Vessel
An item at Metropolitan Museum of Art
This bowl has a globular body, a ring base, a carinated shoulder and a flaring rim. It is made of a pinkish buff clay using a potter’s wheel. It was excavated at Pasargadae in southwestern Iran, about 90 km northeast of Shiraz. Pasargadae was the first capital of the Achaemenid Persian Empire, founded by Cyrus the Great c. 546 B.C. The bowl was found at the Tall-i Takht, a massive artificial platform presumably built as the site of a royal palace but converted into a fortified compound after Darius established a new capital at Persepolis around 520. However, the coin hoards and other finds from the Takht, including this bowl, show that it continued to be occupied down into the second century B.C., long after the fall of the Achaemenid Empire.

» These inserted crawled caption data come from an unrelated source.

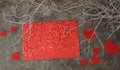 Holiday background for Valentine`s Day on a gray cement background with white painted branches and a sheet of paper for text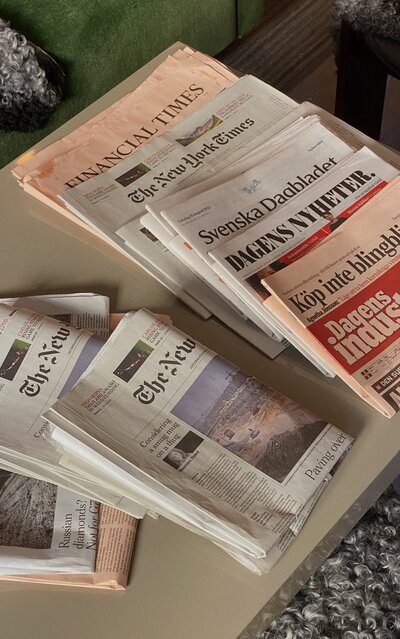 stack of newspapers from around the world on a coffee table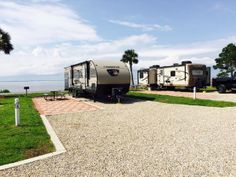 an rv park with several recreational vehicles parked on gravel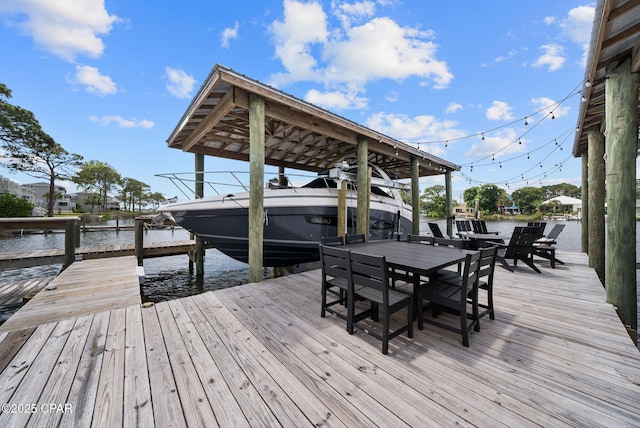 8597 N Lagoon Dr, Panama City, FL 32408 - dock area with a water view and boat lift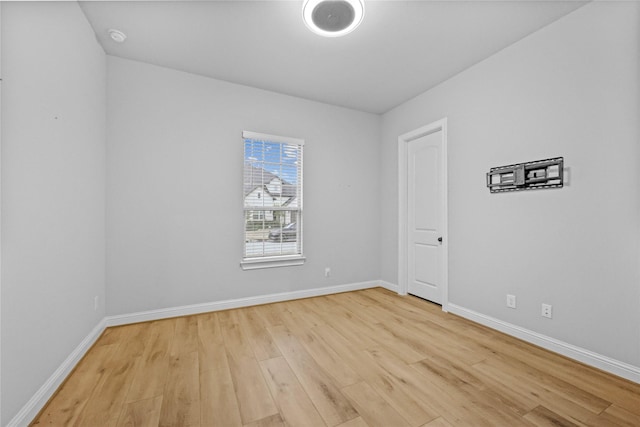 spare room featuring light wood finished floors and baseboards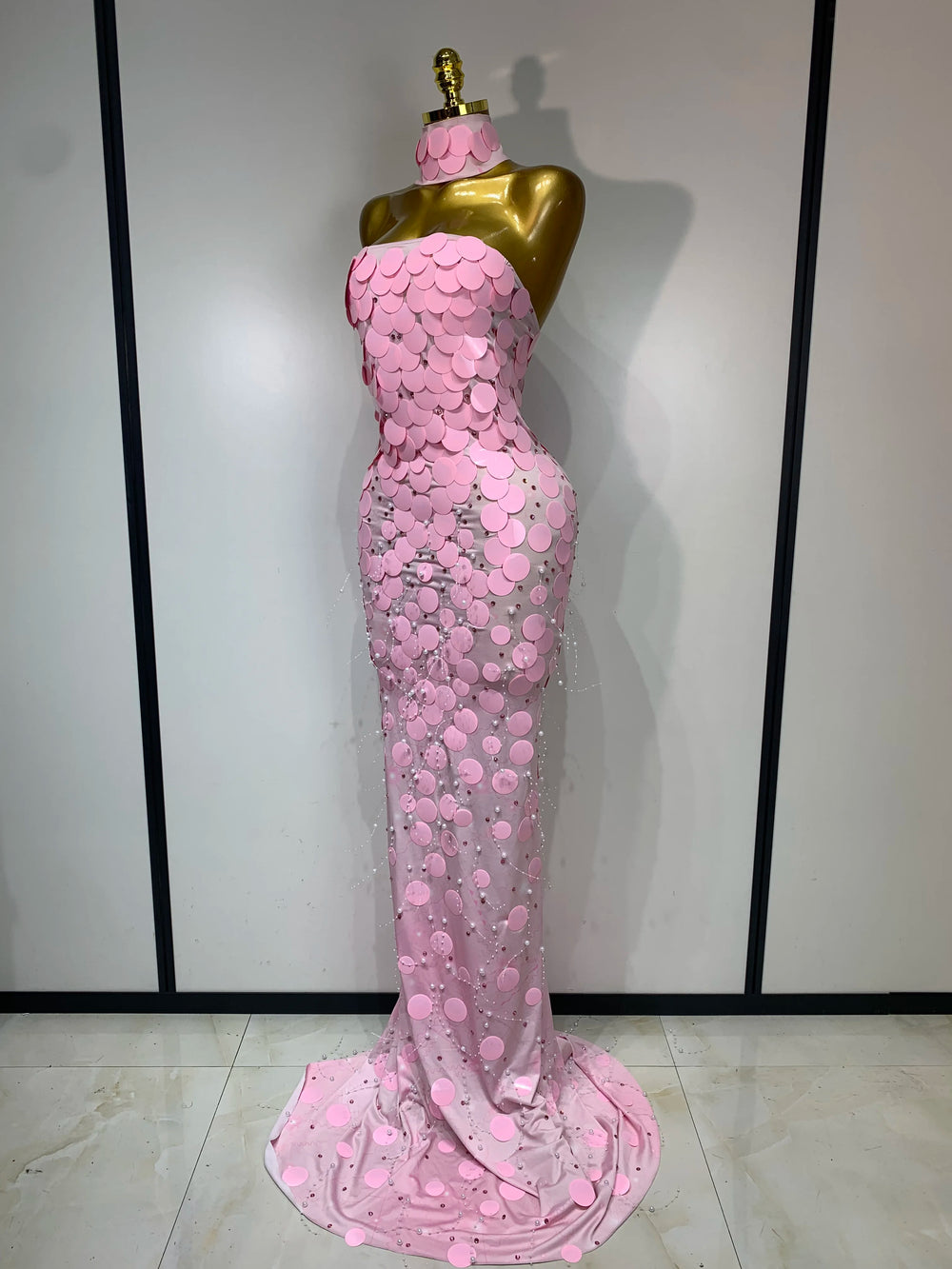 Strapless sequined form-fitting floor-length gown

The bowl was found in a room in the southern corner of the Takht. The distinctive shape of this bowl is closely associated with the Achaemenid Empire, as it is depicted in the reliefs of the Apadana – the main audience hall at Persepolis. Yet, as this bowl attests, it persisted into the periods of Seleucid and Parthian rule in Iran. It was probably used as a drinking vessel for wine, and the survival of this vessel shape after the fall of the Achaemenid Empire is likely due to it having become an integral part of Persian table settings.
Ancient Near Eastern Art
An exhibit at Metropolitan Museum of Art
The Met's Department of Ancient Near Eastern Art cares for approximately 7,000 works ranging in date from the eighth millennium B.C. through the centuries just beyond the emergence of Islam in the seventh century A.D. Objects in the collection were created by people in the area that today comprises Iraq, Iran, Turkey, Syria, the Eastern Mediterranean coast, Yemen, and Central Asia. From the art of some of the world's first cities to that of great empires, the department's holdings illustrate the beauty and craftsmanship as well as the profound interconnections, cultural and religious diversity, and lasting legacies that characterize the ancient art of this vast region.